National Civil Rights Museum
Then I went to the downtown and more exactly to Lorraine Motel
adjacent to the National Civil Rights Museum. As of the entry the
tone is set: “It is the history of people…”. I spent three good
hours there too, but it was insufficient to read all the panels and
to follow the martyrdom of the slaves and their non-violent combat
for the recognition of their rights. The recent events showed that
the dream of Martin Luther King: “I have a dream…” is still not
reached. I returned to Fuller State Park with a temperature
difficult to support. To click on the photo below to visualize the
photo gallery.
The GPS road tacklog
From Memephis to Topeka
from 2015/0730 au 2015/08/02
Diggins
On Thursday, July 30 I began the trip which was to lead me to Kansas
City, MO, that is to say approximately 800 km. I had defined the
most direct way in time. Around midday I arrived in an old village,
Hardy, whose architecture points out the westerns spaghettis. I
lunched on the spot before carrying on my way. From 16:00 I sought a
place of bivouac. Not seeing anything I stopped on the small carpark
of Diggins' commuter at the edge of the hwy #60 forecasting a night
hot and noisy.
Hardy, old village
Harrisonville
Contrary to my waiting I spent peaceful night, only, in the small
hour, the thundering horns of trains awoke me and not the rumbling
of trucks. I remained on the HWY #13 until Harrisonville where I
bivouacked on closed Weight Station. On the way as in all the
counties having a Amish community panels request the motorists to
respect tilburies. Then an informative signpost invited travellers
to visit the old downtown of Clinton where the buildings are out of
red bricks.
Hwy #13
Clinton
Kansas City, MO
The bivouac was peaceful, certainly trucks arrived in the night but
without noise of engine! I was going early to see the buildings
Art-Deco, according to Lonely-Planet, At the crossing of Broadway
and W 10th St but not terrible, the LP propose other places where I
did not go; moreover my compact camera was broken down of battery. I
went to Visitor Center not far from the WWI Museum and Memorial
which I visited the afternoon.
Downtown
The Nelson-Atkins Museum of Art
The morning occurred at Nelson-Atkins Museum of art whose
architecture represents the net of a ground of badminton and so that
the visitor is convinced by it immense flying of badminton precedes
it. As for the other museums of art I concentrated on the rooms of
painting and obviously of the French school. For the lunch of midday
I sacrificed to the traditional BBQ of Missouri at very famous
Joe's. I started by making a queue during half an hour before
providing to appreciate Ribs & Brisket Dinner which will not leave
me an imperishable memory. To click on the
photograph to visualize the photograph gallery
Joe's Kansas City Bar-B-Que
The National WWI Museum & Memorial
At the beginning of afternoon I returned to the WWI Museum &
Memorial. It is surmounted by Liberty Memorial offering a panoramic
sight of the city. The museography is superb and very didactic as in
all the modern museums in the USA. It is the best museum devoted to
the World War I which was not given to visit. It is worth the
returning; moreover the ticket of entry makes it possible to visit
it twice. I found a bivouac not far from Visitor Center of Lawrence
on the way for Topeka. To click on the
photograph to visualize the photograph gallery
Topeka, KS
Scenic River Road from Lawrence to Topeka
Yesterday at the beginning of evening a neighbor of the way of my
bivouac came to visit to me intrigued by my truck. We exchanged
information. He offered me the boo: Kansas, Off the Beaten Path.

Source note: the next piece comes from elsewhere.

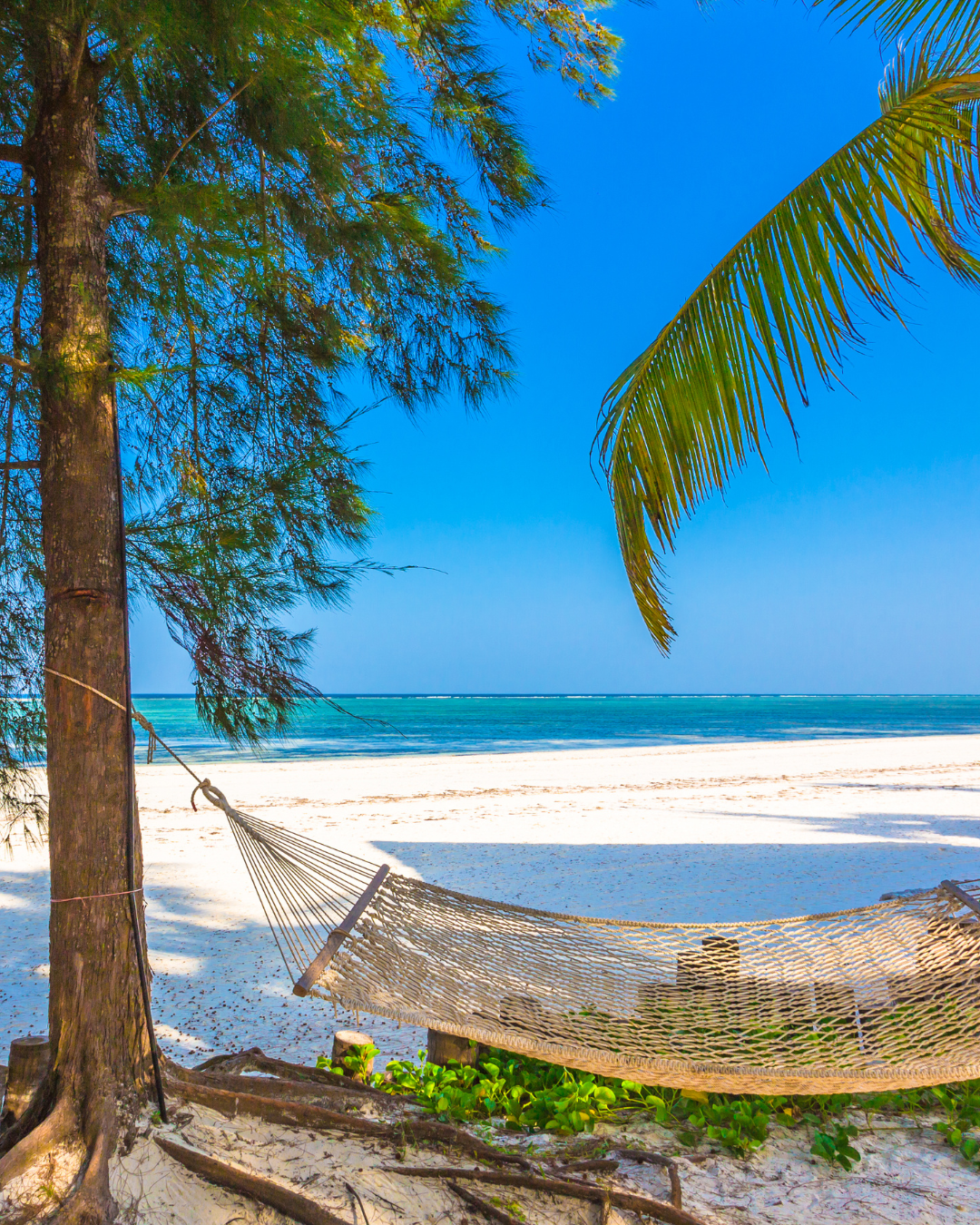 Tanzānijas safari & Zanzibāras okeāna miers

Then we built together on my on my navigation computer under
QuoVadis a superb road, Scenic River Road, to go from Lawrence to
Topeka. I regaled myself while remembering
Transpyrenean. Thank
you Matt.
Brown vs Board of Education
In Topeka I stopped to visit Brown vs National Board of Education
Historic Site installed in Monroe Elementary School. It recalls the
combat of African-Americans for desegregation at the school. The
museum covers the whole the movement for the equality of the Civil
Rights. Then I establish my bivouac at KOA of Topeka.